В одно майское утро литератор Арвид Фальк шел из редакции «Рабочего Знамени» в раскаленную жару вдоль набережной и смотрел, как разгружались и нагружались суда. Его внешность была менее холена, чем прежде: его черные волосы были длиннее, чем требовала мода, и борода его разрослась à la Henri IV. Его глаза горели зловещим огнем, выдающим фанатика или пьяницу.

Казалось, что он выбирал судно, но не мог решиться. После долгого колебания, он подошел к матросу, катившему тачку с тюками к бригу. Он вежливо поднял шляпу:

— Не можете ли вы мне сказать, куда идет этот корабль? — спросил он робко, хотя ему казалось, что он говорит очень смелым тоном.

— Корабль? Я не вижу никакого корабля!

Окружающие смеялись.

— Если же вы хотите знать, куда уходит бриг, то прочтите вон там!

Фальк почувствовал, что теряет позицию, но подзадорил себя и продолжал резким тоном:

— Разве вы не можете вежливо ответить на вежливый вопрос?

— Вы? Убирайся к чёрту, не стой здесь и не ругайся! Берегись!

Разговор прекратился, и Фальк решился, наконец. Он повернулся, пошел вверх по улице, пересек рынок и завернул в следующую улицу. Там он остановился перед дверью грязного дома. Опять он колебался, потому что он никогда не мог превозмочь свой природный грех, нерешительность.

В это время пробежал маленький оборванный косой мальчишка с охапкой корректур на длинных полосах; когда он пробегал мимо Фалька, тот остановил его.

— Редактор наверху? — спросил он.

— Да, он был здесь с семи часов, — ответил запыхавшийся мальчишка.

— Он обо мне спрашивал?

— Да, много раз!

— Он сердит?

— Да! Как всегда.

И мальчишка стрелой бросился вверх по лестнице. Фальк последовал за ним и тотчас же после него вошел в редакционную комнату. Это была дыра с двумя окнами в темный переулок; перед каждым окном стоял стол некрашеного дерева с бумагой, перьями, газетами, ножницами и флаконами клея.

За одним столом сидел старый знакомец, Игберг, в рваном черном сюртуке и читал корректуры; за другим столом (принадлежащим Фальку) сидел господин в одном жилете, в черном бархатном берете, какой носят коммунары. Лицо его заросло рыжей бородой, и коренастое сложение обличало рабочего.

Когда Фальк вошел, коммунар оживленно задвигал ногами под столом и засучил рукава, при чём показалась синяя татуировка, состоявшая из якоря и англосаксонской буквы R. Потом он схватил ножницы, воткнул их в середину утренней газеты, сделал вырезку и сказал грубым тоном, поворачиваясь к Фальку спиной:

— Где вы были?

— Я был болен, — отвечал Фальк упрямо, как казалось ему самому, но кротко, как уверял потом Игберг.

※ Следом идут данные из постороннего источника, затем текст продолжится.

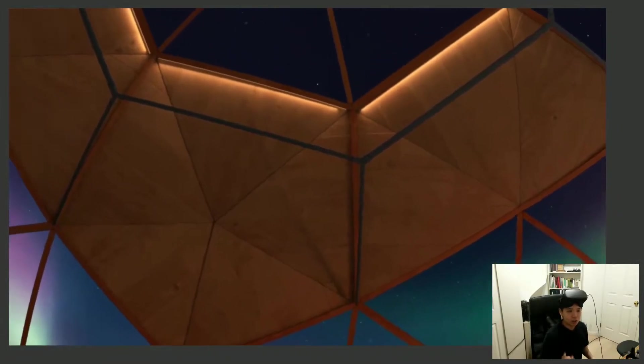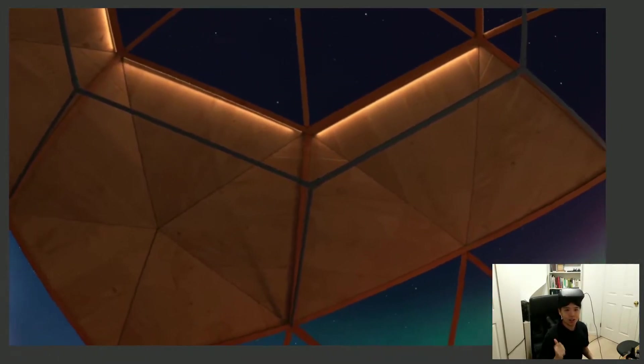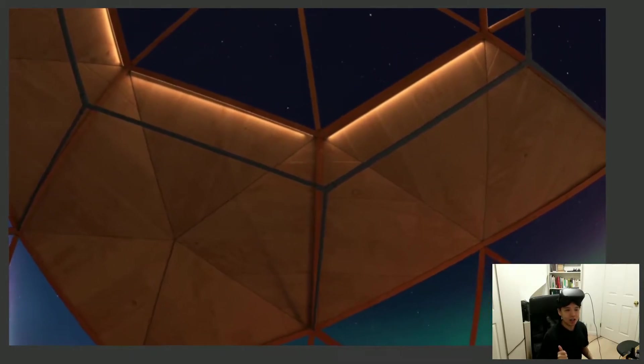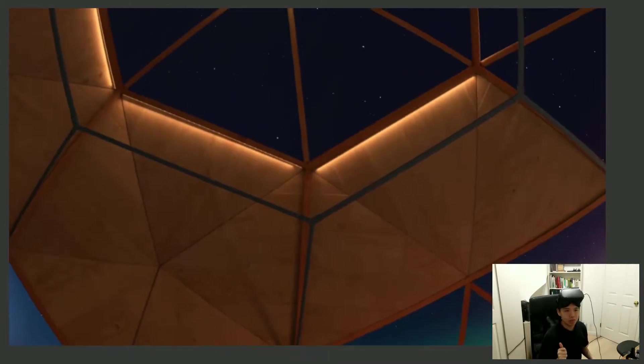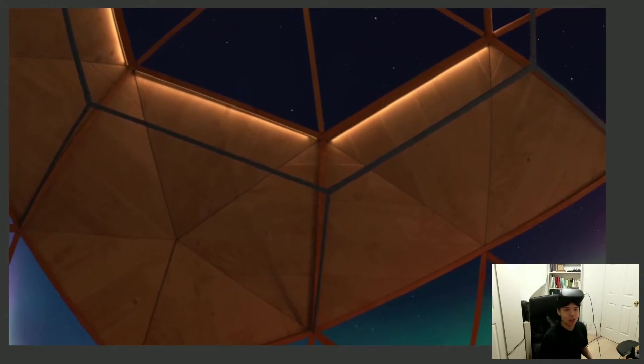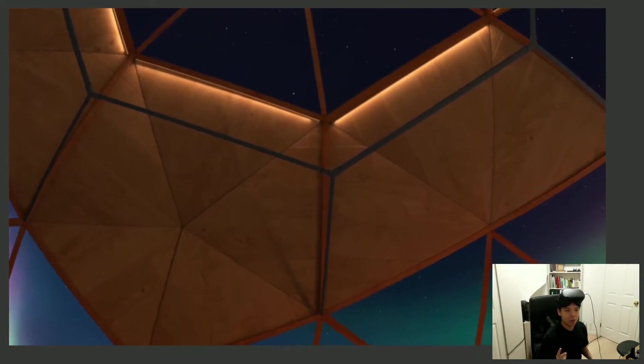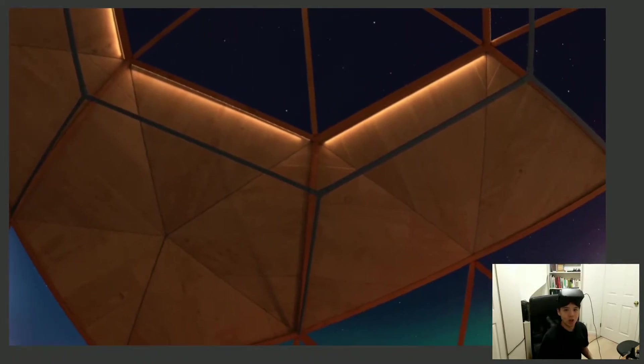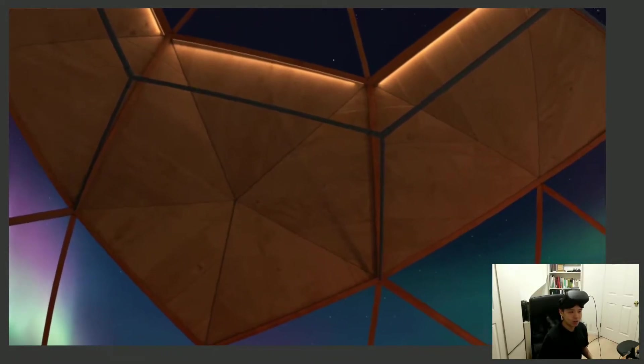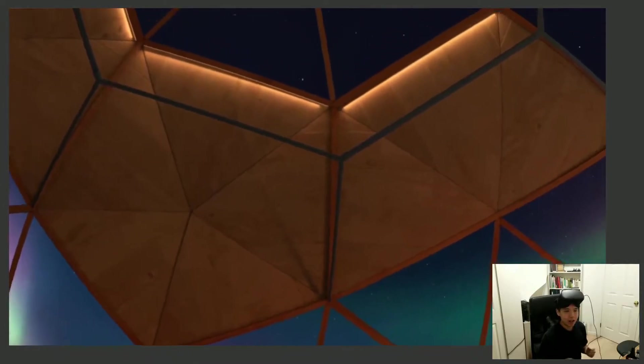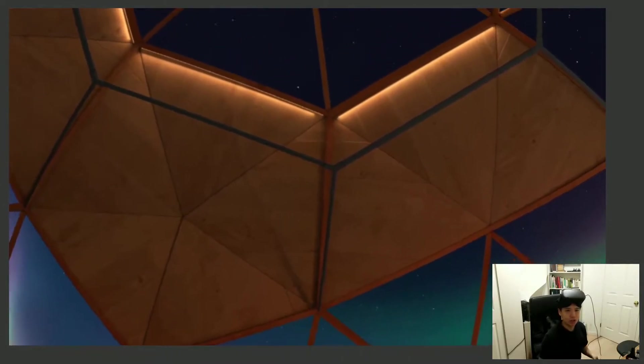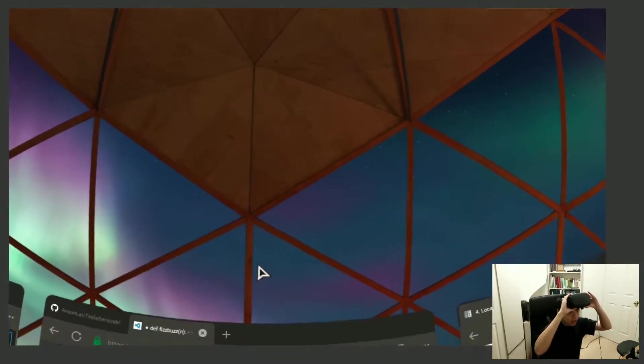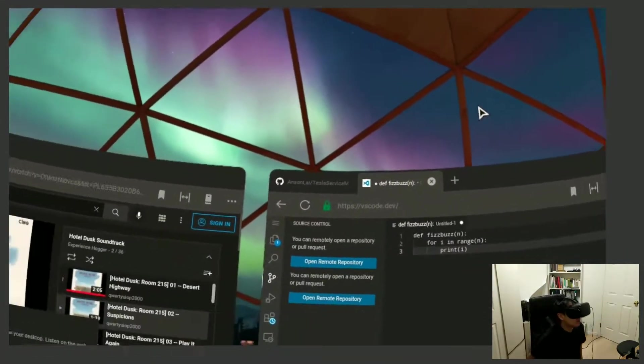There's two objectives today. One is I wanted to try two other browsers and I already looked at them and I'll show you quickly why I think they're unsuitable. And number two, I wanted to show you GitHub Codespaces on Oculus Quest, which is somewhat similar to vscode.dev.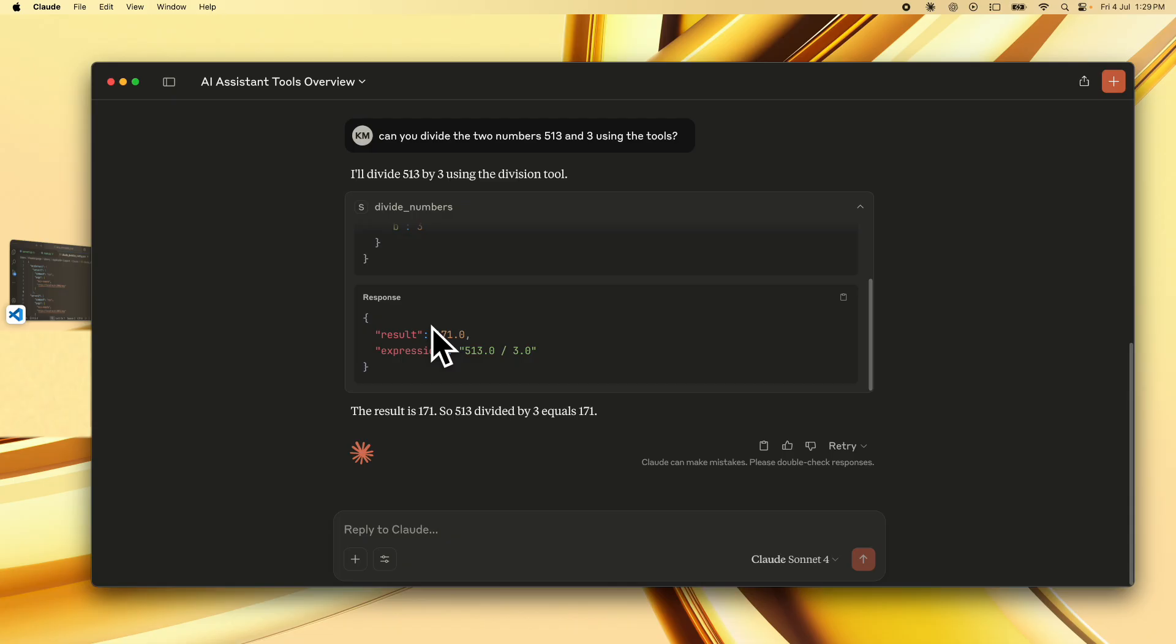Next as we go along in the course we are going to build an mcp client that can work with both stdio and streamable http servers. So that's going to be a universal client that we are going to build and I'm going to come up with a lecture for this soon. Do subscribe to my channel the ai language and I'll see you in the next video.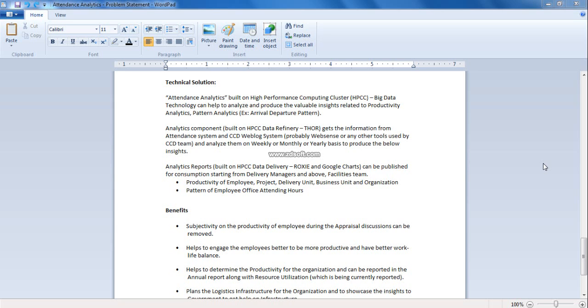Analytics reports which is built on Roxy, the HPCC data delivery engine in integration with Google charts can be published for target customers. The outcome of our solution can benefit in the following ways: subjective discussion on employee productivity during appraisal discussions can be removed, helps to engage the employees better to be more productive and have better work-life balance, helps to determine the productivity of the organization which can be reported in annual report along with resource utilization, and helpful in planning the logistics infrastructure for the organization and to showcase the insights to the government for help on external infrastructure setup.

— Это ложь! Вы выходили и пьянствовали! Вы были вчера в кафе; я видел вас…

— Кажется, я имею право…

— Вы можете сидеть, где вам угодно, но здесь вы должны быть с боем часов, по уговору. Уже четверть девятого. Я знаю, что такие господа, посещавшие университет, где, как им кажется, они научились ужасно многому, никогда не могут приучиться к порядку в жизни. Ну, позволительно ли опаздывать так? Не ведете ли вы себя, как шальной, заставляя исполнять вашего работодателя ваши обязанности? Что? Свет теперь перевернулся, я вижу. Рабочий обращается с хозяином, я хочу сказать, с работодателем, как с собакой, и капитал подвергается насилию. Так-то-с!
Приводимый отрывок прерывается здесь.